Islam in Pakistan

Islam in Pakistan

Contemporary Muslim World

Islam in Pakistan
A History

Author(s): Muhammad Qasim Zaman

Reviewed by: Iftikhar H Malik, Bath Spa University, UK

 

Review

Reviewing a persuasive work by a former student is never an easy proposition. On the one hand, a teacher cannot camouflage his/her pleasure and pride, but concurrently, the latter has to maintain a semblance of objectivity and even detachment. Zaman, a former graduate of Pakistan’s Quaid-i-Azam University with his doctoral degree from McGill, is certainly an acknowledged specialist on the study of Islam in South Asia, with reference to denominational seminaries and the labyrinthine relationship between the [ulama’ and politics or even their own mutual interface.

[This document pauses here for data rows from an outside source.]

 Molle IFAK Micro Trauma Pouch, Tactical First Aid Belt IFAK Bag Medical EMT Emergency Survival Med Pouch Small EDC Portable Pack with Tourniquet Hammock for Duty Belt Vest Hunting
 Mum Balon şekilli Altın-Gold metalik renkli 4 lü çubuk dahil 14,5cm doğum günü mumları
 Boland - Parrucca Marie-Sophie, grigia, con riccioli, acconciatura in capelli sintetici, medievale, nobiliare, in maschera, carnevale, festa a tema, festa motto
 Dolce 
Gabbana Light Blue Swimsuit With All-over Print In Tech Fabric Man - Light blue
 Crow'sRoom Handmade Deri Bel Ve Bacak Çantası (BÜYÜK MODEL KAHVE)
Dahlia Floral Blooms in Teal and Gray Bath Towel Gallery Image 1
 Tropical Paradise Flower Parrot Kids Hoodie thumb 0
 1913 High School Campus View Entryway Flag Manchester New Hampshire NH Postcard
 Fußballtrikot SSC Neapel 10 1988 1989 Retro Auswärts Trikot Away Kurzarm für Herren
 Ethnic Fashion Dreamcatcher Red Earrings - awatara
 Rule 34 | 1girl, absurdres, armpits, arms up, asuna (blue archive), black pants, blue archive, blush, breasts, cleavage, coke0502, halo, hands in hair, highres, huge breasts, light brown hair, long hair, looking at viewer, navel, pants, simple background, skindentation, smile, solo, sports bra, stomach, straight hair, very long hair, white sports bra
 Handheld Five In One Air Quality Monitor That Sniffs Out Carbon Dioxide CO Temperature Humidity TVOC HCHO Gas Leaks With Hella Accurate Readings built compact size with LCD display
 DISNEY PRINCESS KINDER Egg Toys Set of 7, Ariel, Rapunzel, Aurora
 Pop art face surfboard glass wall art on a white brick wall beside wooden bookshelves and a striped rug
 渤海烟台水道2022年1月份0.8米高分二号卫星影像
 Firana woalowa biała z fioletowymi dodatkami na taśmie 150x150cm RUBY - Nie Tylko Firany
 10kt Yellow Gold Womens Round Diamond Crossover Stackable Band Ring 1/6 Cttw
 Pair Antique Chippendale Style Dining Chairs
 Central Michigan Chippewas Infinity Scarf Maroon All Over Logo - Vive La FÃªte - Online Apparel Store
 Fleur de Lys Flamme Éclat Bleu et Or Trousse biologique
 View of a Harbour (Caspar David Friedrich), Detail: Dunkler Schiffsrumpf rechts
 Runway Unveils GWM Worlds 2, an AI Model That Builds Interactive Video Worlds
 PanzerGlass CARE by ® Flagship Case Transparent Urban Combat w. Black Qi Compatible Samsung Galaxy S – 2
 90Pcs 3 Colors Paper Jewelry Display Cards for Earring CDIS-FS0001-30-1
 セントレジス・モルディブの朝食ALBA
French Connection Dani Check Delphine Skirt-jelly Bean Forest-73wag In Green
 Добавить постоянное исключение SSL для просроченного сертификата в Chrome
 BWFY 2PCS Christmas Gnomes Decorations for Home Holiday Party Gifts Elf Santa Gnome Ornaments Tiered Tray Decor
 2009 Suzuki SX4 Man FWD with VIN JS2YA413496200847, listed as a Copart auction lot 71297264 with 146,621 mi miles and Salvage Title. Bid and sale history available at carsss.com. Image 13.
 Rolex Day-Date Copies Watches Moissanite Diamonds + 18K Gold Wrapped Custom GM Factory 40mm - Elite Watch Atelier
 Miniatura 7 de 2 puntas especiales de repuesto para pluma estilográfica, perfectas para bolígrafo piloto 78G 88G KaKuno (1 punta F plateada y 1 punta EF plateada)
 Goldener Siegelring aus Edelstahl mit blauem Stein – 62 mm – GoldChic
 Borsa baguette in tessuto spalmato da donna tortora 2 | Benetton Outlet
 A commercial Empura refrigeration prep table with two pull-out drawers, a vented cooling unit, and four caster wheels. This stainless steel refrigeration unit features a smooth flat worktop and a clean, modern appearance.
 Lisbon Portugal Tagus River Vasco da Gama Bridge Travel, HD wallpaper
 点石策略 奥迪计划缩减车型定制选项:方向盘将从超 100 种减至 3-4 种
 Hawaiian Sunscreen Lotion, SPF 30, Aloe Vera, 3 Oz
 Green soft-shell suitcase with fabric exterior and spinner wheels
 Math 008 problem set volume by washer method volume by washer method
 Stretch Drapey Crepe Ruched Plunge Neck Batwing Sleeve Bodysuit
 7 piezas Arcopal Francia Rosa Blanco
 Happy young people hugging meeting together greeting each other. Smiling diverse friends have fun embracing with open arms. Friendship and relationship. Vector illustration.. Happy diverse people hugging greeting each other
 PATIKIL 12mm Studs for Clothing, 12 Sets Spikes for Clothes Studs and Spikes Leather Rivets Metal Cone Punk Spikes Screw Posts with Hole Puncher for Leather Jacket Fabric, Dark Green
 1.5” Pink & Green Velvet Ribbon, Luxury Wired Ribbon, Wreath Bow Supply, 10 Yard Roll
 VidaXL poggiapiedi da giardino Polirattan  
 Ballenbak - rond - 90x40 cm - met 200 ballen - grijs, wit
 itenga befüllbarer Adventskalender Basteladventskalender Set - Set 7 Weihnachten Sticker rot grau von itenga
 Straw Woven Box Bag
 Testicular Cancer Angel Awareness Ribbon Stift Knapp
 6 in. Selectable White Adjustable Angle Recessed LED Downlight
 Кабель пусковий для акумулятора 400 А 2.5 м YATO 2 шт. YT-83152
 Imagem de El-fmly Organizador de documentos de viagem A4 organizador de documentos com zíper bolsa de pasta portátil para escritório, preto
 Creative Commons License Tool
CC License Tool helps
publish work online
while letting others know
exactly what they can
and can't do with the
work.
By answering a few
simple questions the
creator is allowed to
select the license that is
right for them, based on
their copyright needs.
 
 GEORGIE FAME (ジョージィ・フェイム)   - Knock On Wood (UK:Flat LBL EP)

His Ulema in Politics challenged some of the prevailing myths about the [ulama’ having been lost in the blind alleys of obscurantism and allegedly being unaware of, as well as indifferent to, the challenges posited by modernity and the plethora of scholarly debates and inquiries. Of course, the [ulama’, since the early era, have never been consensual though their objectives might have been mutually akin. Their resources and opportunism to immerse themselves in challenging academic discourses, much beyond an imposed self-sufficiency or enduring inadequacies, still did not let many of them lag behind in ensuring their own relevance for communitarian purposes. Their fracas with the secularist, liberal, critical and modernist counterparts are as much ongoing as is dissension among themselves. Selectively adopting modernist wherewithal while maintaining their own reservations, they are both the custodians of change as well as the main hurdle to a total statist and societal overhaul.